Input data below:

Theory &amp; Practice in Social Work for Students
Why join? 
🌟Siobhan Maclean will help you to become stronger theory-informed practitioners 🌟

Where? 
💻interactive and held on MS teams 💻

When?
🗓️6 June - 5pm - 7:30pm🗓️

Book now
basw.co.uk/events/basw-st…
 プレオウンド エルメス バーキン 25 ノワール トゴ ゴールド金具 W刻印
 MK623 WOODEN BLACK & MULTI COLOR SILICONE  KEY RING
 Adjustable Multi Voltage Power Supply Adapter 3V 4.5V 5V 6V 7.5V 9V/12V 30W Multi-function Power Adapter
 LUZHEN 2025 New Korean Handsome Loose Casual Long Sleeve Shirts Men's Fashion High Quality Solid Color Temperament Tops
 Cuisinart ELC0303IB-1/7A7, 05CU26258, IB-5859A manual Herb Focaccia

End of Input data.

Your objective:
In the entries above, find the line with "MK623 WOODEN BLACK" and the line with "Adjustable Multi Voltage", then set down exactly those two and every line between them, nothing else.

Result:
 MK623 WOODEN BLACK & MULTI COLOR SILICONE  KEY RING
 Adjustable Multi Voltage Power Supply Adapter 3V 4.5V 5V 6V 7.5V 9V/12V 30W Multi-function Power Adapter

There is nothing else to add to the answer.